**DATA SEGMENT:**
= Beginning of Section =
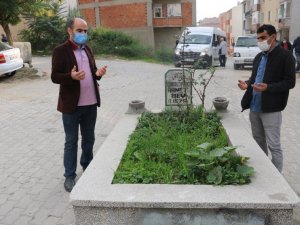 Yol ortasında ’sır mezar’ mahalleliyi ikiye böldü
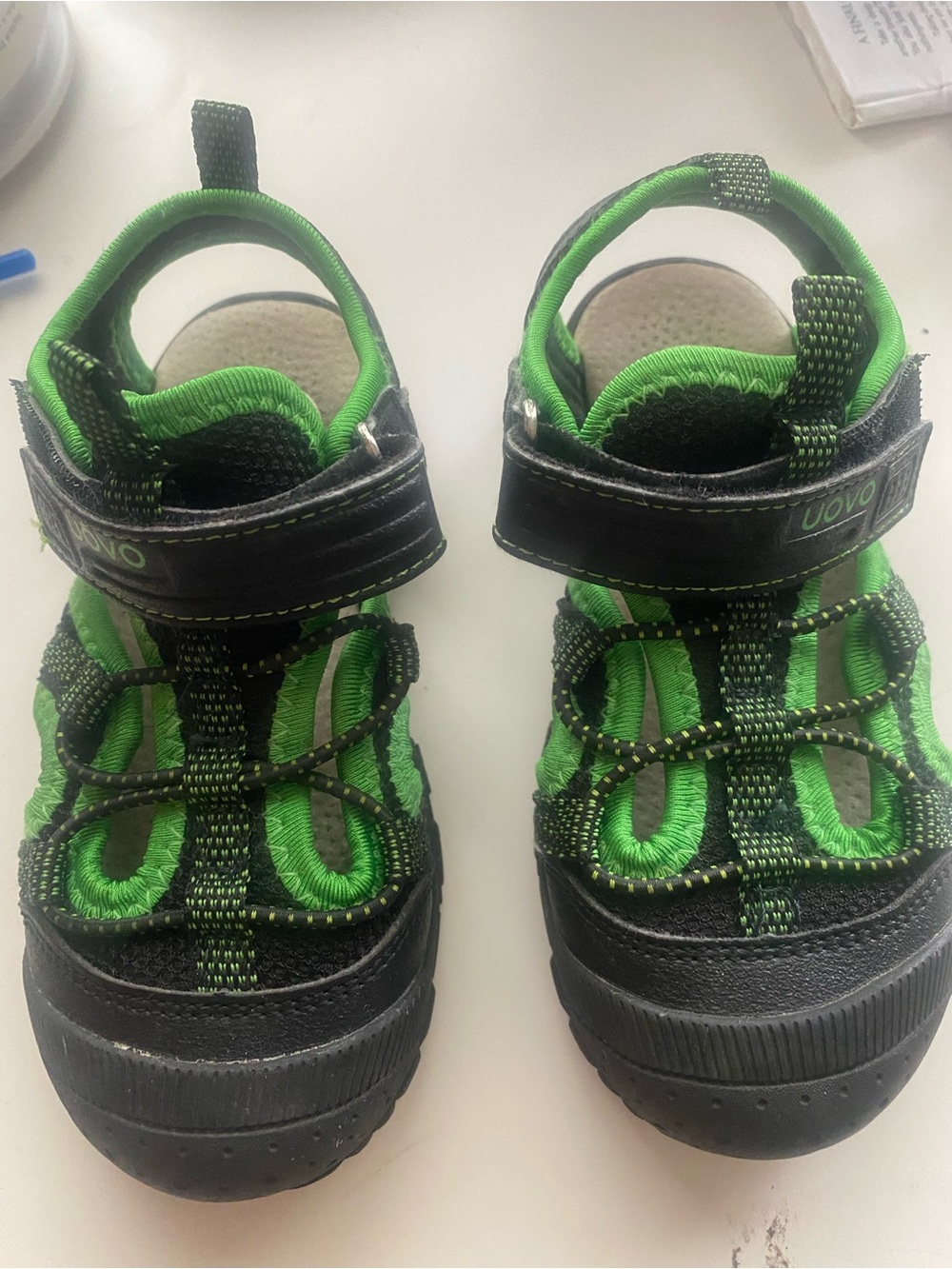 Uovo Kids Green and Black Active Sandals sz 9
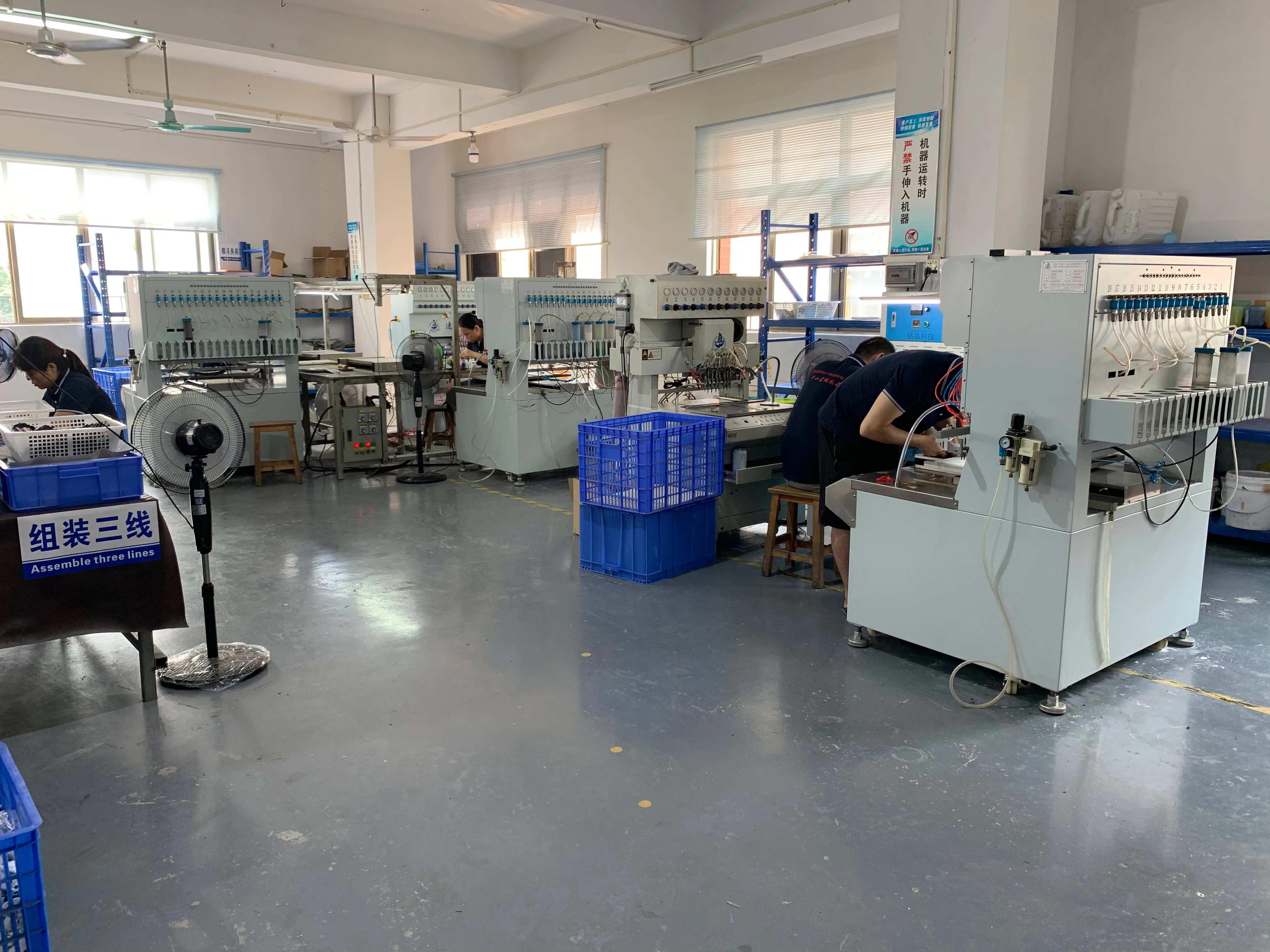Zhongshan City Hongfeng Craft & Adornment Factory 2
= End of Section =
Everything in the material except the pictures should be restated word for word.

 Yol ortasında ’sır mezar’ mahalleliyi ikiye böldü
 Uovo Kids Green and Black Active Sandals sz 9
Zhongshan City Hongfeng Craft & Adornment Factory 2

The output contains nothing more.